Il nuovo film di Sergei Loznitsa “Due procuratori”, ambientato nell’URSS del 1937 dove il terrore e la cancellazione del dissenso dominano la scena politica, sarà proiettato dal 4 al 6 aprile al Cinema Mignon di Grantola: questa sera alle ore 21, domani, domenica 5 aprile alle ore 16 e alle ore 18 e infine lunedì 6 alle ore 16 e alle ore 18.

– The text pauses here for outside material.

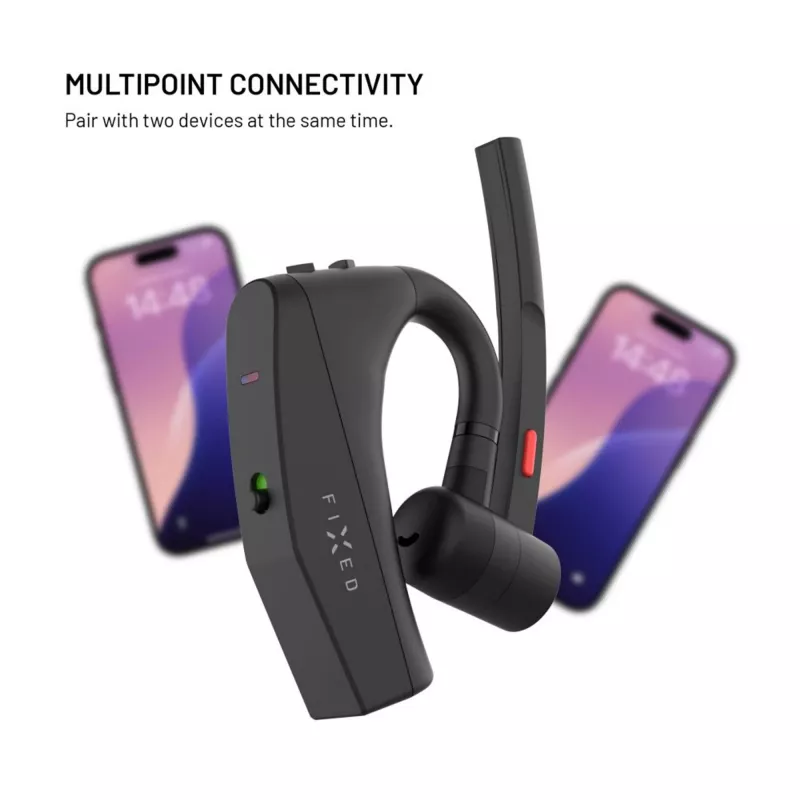 Uždedamos ausinės FIXED Talk Pro Juoda by FIXED — laidinės ausinės skambučiams ir muzikai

Il film racconta di un giovane procuratore idealista, Korneev, che convinto di vivere in uno stato fondato sulla legalità, si vede recapitare una lettera che avrebbero dovuto bruciare, come tutte quelle scritte dagli internati del sistema penale sovietico. Nella missiva vi era una supplica di un anziano detenuto, Stepnjak, un ex professore di Korneev, che lamenta l’ingiusta e la dura detenzione oltre che le torture subite.
Scioccato, Korneev si reca di persona a Brjansk e ancora convinto che si tratti di un terribile errore giudiziario e di un abuso di potere da parte di ufficiali locali del NKVD, si reca a Mosca per perorare la causa di Stepnjak al procuratoe generale dell’URSS.
Il film è un adattamento del racconto del fisico Georgij Georgevič Demidov, a lungo proibito in Russia per la sua testimonianza diretta sui gulag staliniani, nei quali era stato detenuto per 14 anni. Il volume venne confiscato dal KGB nel 1980 e restituito alla famiglia soltanto dopo la sua morte otto anni più tardi, pubblicato successivamente per la prima volta nel 2009.
Non è solo un film storico, poiché Loznitsa guarda al passato per parlare con forza del presente, il riferimento alla Russia contemporanea, così come a tutti i sistemi autoritari; è tutt’altro che velato e ha lo scopo di offrire una nuova chiave di lettura sull’Europa orientale di ieri e di oggi.